Scraped caption text data:

= Beginning of Section =

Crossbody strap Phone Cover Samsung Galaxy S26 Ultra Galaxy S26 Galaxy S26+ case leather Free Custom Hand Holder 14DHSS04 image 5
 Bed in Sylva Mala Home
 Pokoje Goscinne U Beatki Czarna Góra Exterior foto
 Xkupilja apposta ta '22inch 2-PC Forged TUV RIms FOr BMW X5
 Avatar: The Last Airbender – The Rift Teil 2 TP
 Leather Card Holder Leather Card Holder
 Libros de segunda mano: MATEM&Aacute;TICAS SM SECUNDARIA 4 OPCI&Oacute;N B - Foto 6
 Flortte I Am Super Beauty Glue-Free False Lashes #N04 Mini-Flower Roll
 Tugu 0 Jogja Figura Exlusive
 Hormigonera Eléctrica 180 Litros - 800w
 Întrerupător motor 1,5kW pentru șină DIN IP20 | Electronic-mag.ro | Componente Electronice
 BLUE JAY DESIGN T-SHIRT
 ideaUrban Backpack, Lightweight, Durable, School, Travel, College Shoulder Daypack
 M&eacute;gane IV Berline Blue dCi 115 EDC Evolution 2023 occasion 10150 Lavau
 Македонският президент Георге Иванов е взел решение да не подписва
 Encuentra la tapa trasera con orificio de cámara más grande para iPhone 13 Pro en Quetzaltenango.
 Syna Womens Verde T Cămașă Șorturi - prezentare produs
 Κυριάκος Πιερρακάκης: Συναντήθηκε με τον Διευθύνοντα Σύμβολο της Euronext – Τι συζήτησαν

= End of Section =

_EXERCISE BRIEF_
So that nothing is lost, write out each record exactly as it appears above.

_SOLVED EXERCISE_
Crossbody strap Phone Cover Samsung Galaxy S26 Ultra Galaxy S26 Galaxy S26+ case leather Free Custom Hand Holder 14DHSS04 image 5
 Bed in Sylva Mala Home
 Pokoje Goscinne U Beatki Czarna Góra Exterior foto
 Xkupilja apposta ta '22inch 2-PC Forged TUV RIms FOr BMW X5
 Avatar: The Last Airbender – The Rift Teil 2 TP
 Leather Card Holder Leather Card Holder
 Libros de segunda mano: MATEM&Aacute;TICAS SM SECUNDARIA 4 OPCI&Oacute;N B - Foto 6
 Flortte I Am Super Beauty Glue-Free False Lashes #N04 Mini-Flower Roll
 Tugu 0 Jogja Figura Exlusive
 Hormigonera Eléctrica 180 Litros - 800w
 Întrerupător motor 1,5kW pentru șină DIN IP20 | Electronic-mag.ro | Componente Electronice
 BLUE JAY DESIGN T-SHIRT
 ideaUrban Backpack, Lightweight, Durable, School, Travel, College Shoulder Daypack
 M&eacute;gane IV Berline Blue dCi 115 EDC Evolution 2023 occasion 10150 Lavau
 Македонският президент Георге Иванов е взел решение да не подписва
 Encuentra la tapa trasera con orificio de cámara más grande para iPhone 13 Pro en Quetzaltenango.
 Syna Womens Verde T Cămașă Șorturi - prezentare produs
 Κυριάκος Πιερρακάκης: Συναντήθηκε με τον Διευθύνοντα Σύμβολο της Euronext – Τι συζήτησαν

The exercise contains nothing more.